Sunday, March 11, 2012

Curious performance issue when running a query

Hi,
I have been running some queries against a table in a my database and
have noted an odd (at least it seems odd to me) performance issue.
The table has approximately 5 million rows and includes the following
columns:
DocID (INTEGER, PRIMARY KEY, CLUSTERED)
IsRecord (INTEGER, NONCLUSTERED)
Title (VARCHAR(255), NONCLUSTERED)
If I issue the following query:
SELECT DocID, IsRecord FROM DocTable WHERE Title LIKE '%process%'
it takes about 23 seconds to return the 481 hits.
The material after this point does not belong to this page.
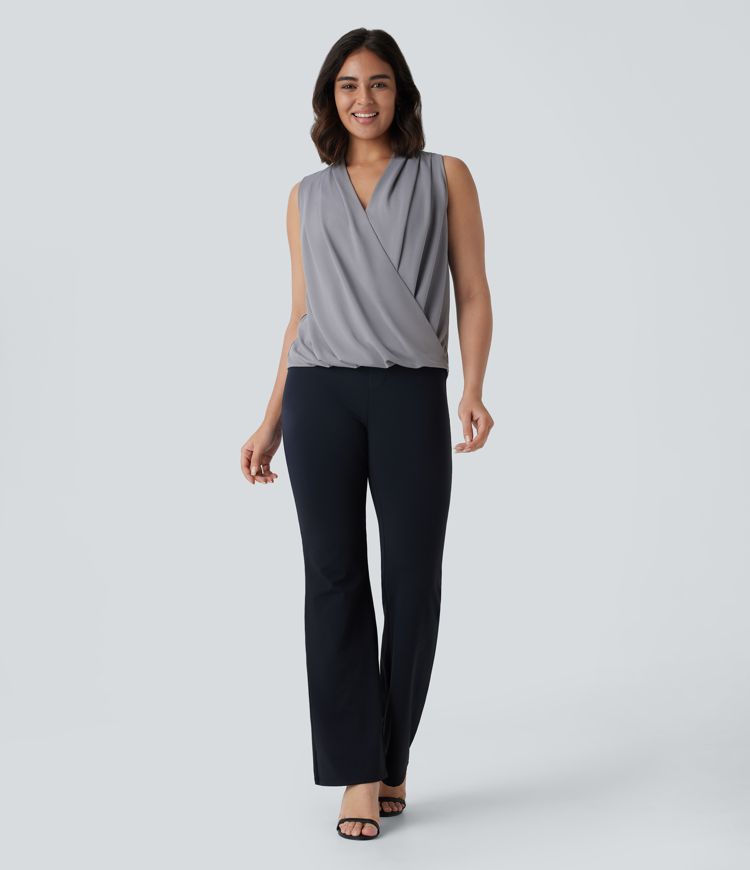 V Neck Sleeveless Wrapped Crossover Work Blouse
The execution plan shows a non-clustered index scan being performed on
the Title index (returning 481 rows) and a non-clustered index scan on
the IsRecord index (returning 4.9 million rows). These are then merged
in a hash match/inner join operation.
The Title index scan has an estimated row size of 41 and an I/O cost
of 9.82 (cost is 27%). The IsRecord index scan has an estimated row
size of 33 and an I/O cost of 6.32 (cost is 21%). The Hash Match
accounts for a further 52% of the cose with the SELECT at the head of
the plan listed as 0% cost.
If I issue the following query:
SELECT DocID, Title FROM DocTable WHERE Title LIKE '%process%'
it takes about 12 seconds to return the 481 hits and consists solely
of a non-clustered index scan of the Title Index.
Again the Title index scan has an estimated row size of 41 and an I/O
cost of 9.82 ans it's cost is listed as 78%. The SELECT at the head of
the plan is attributed the other 22% of the cost.
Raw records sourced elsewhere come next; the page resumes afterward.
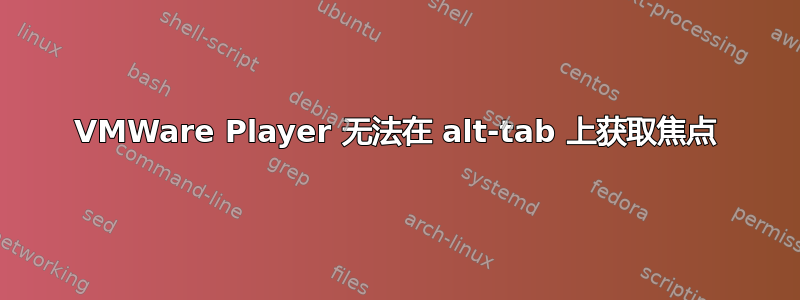 VMWare Player 无法在 alt-tab 上获取焦点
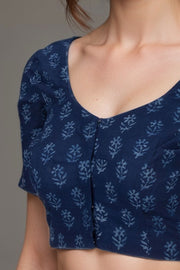 Blue Floral Motif Indigo Hand Block Print Cotton Blouse 10074610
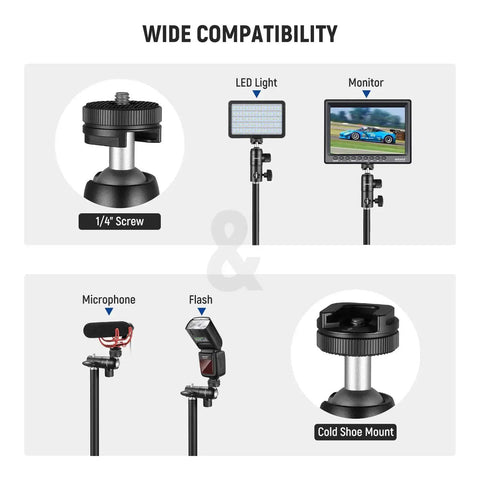 Light Stand Mount Adapter With Cold Shoe And Quarter Inch Screw Mini Ball Head showing wide compatibility with lights and monitors.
All this is fine, however when I issue the following query:
SELECT DocID, Title, IsRecord FROM DocTable WHERE Title LIKE
'%process%'
it takes 1 minute 50 seconds to run the query. The execution plans
shows that a clustered index scan is occurring and this accounts for
96% of the cost. The estimated row size is 463 and the I/O cost is
111.
What on earth is going on here. I can understand the need to scan the
Title index because of the wildcards, but why on earth would the query
perform a scan of the clustered (primary key) index? And what is going
on with the row size and I/O cost?
All the indexes and statistics are up to date, so I am at a complete
loss to explain what is going on here. Can anyone explain why the 3rd
query is so much slower (and possibly suggest a way to improve the
performance)/
Thanks
Paul Mateer
Meridio Limted
I am at a complete loss to explain what is happening here,Paul
If you the query frequently I 'd recomend you to create covering indexes on
all columns that participate with the query.
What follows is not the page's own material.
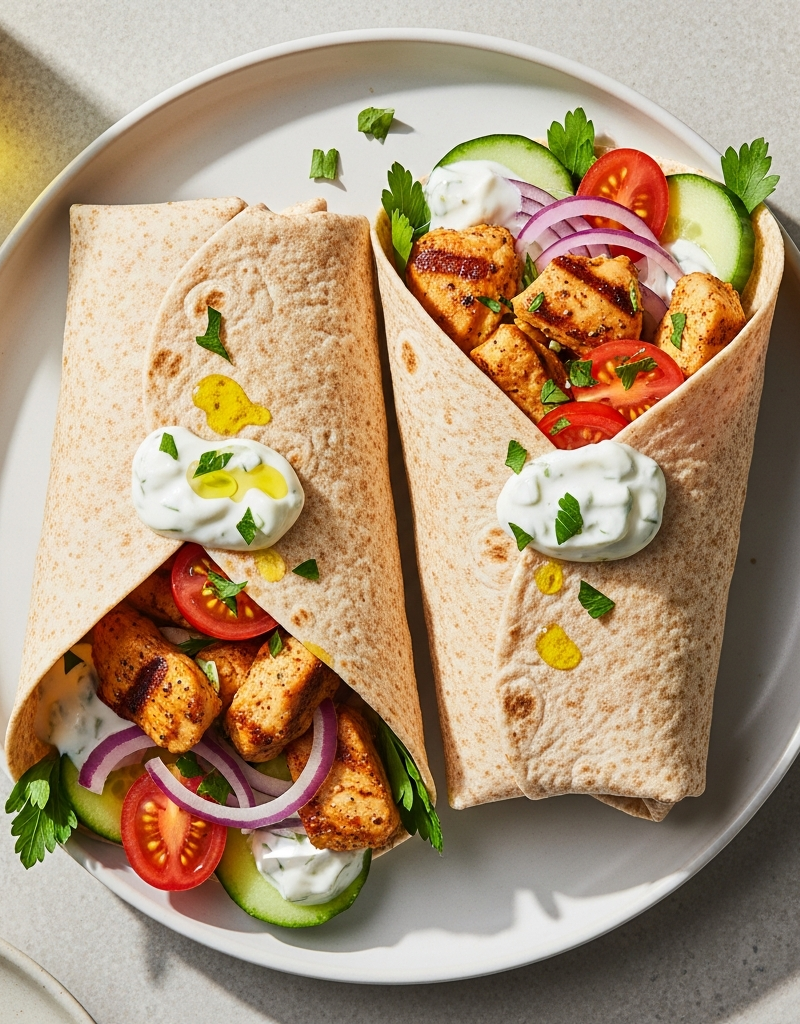 Mediterranean Chicken Souvlaki Wraps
Also try to run WHERE condition like 'process%' this one would not perevent
the optimyzer for using index.
"Paul Mateer" <p.mateer@.meridio.com> wrote in message
news:424f2ade.0312030409.f602b09@.posting.google.com...
> Hi,
> I have been running some queries against a table in a my database and
> have noted an odd (at least it seems odd to me) performance issue.
> The table has approximately 5 million rows and includes the following
> columns:
> DocID (INTEGER, PRIMARY KEY, CLUSTERED)
> IsRecord (INTEGER, NONCLUSTERED)
> Title (VARCHAR(255), NONCLUSTERED)
> If I issue the following query:
> SELECT DocID, IsRecord FROM DocTable WHERE Title LIKE '%process%'
> it takes about 23 seconds to return the 481 hits.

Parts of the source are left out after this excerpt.